Only certain lines below are wanted: those starting at the line containing "Konferencja prasowa w Forum" and ending at the line containing "벤슨 본레더자켓 XXL사이즈", both included, each retyped exactly.

◇ ◇ ◇ ◇

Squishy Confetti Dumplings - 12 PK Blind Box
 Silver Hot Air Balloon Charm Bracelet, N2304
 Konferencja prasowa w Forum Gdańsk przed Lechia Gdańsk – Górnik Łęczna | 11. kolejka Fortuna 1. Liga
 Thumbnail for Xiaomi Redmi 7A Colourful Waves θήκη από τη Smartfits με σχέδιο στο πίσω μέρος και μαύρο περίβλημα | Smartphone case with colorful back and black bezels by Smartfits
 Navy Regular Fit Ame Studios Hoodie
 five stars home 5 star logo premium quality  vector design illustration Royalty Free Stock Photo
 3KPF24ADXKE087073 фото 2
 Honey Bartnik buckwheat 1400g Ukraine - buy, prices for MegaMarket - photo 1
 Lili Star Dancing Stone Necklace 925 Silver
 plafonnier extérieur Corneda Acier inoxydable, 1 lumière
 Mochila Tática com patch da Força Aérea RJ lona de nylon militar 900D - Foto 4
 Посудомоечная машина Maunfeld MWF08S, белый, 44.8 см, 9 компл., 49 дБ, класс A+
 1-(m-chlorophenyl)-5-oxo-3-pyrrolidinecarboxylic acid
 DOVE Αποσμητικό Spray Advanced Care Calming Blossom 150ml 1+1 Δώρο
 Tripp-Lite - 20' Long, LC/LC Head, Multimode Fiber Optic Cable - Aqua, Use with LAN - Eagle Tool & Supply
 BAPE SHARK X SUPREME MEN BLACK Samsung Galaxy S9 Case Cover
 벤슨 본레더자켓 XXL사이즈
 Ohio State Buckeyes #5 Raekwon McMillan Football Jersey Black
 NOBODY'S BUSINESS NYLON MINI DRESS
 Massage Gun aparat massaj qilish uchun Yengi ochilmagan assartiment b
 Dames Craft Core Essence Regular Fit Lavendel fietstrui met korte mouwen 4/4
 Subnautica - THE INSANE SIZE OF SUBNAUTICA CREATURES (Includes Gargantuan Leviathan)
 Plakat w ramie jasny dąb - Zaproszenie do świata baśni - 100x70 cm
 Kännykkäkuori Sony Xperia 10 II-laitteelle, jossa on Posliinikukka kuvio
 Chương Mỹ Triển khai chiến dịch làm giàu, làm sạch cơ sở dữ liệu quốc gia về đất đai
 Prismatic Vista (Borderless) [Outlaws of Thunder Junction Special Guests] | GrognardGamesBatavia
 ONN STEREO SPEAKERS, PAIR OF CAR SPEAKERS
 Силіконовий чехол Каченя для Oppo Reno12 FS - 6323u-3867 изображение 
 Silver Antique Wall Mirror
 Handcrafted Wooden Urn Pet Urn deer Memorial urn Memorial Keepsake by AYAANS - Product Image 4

◇ ◇ ◇ ◇

* Answer area *
 Konferencja prasowa w Forum Gdańsk przed Lechia Gdańsk – Górnik Łęczna | 11. kolejka Fortuna 1. Liga
 Thumbnail for Xiaomi Redmi 7A Colourful Waves θήκη από τη Smartfits με σχέδιο στο πίσω μέρος και μαύρο περίβλημα | Smartphone case with colorful back and black bezels by Smartfits
 Navy Regular Fit Ame Studios Hoodie
 five stars home 5 star logo premium quality  vector design illustration Royalty Free Stock Photo
 3KPF24ADXKE087073 фото 2
 Honey Bartnik buckwheat 1400g Ukraine - buy, prices for MegaMarket - photo 1
 Lili Star Dancing Stone Necklace 925 Silver
 plafonnier extérieur Corneda Acier inoxydable, 1 lumière
 Mochila Tática com patch da Força Aérea RJ lona de nylon militar 900D - Foto 4
 Посудомоечная машина Maunfeld MWF08S, белый, 44.8 см, 9 компл., 49 дБ, класс A+
 1-(m-chlorophenyl)-5-oxo-3-pyrrolidinecarboxylic acid
 DOVE Αποσμητικό Spray Advanced Care Calming Blossom 150ml 1+1 Δώρο
 Tripp-Lite - 20' Long, LC/LC Head, Multimode Fiber Optic Cable - Aqua, Use with LAN - Eagle Tool & Supply
 BAPE SHARK X SUPREME MEN BLACK Samsung Galaxy S9 Case Cover
 벤슨 본레더자켓 XXL사이즈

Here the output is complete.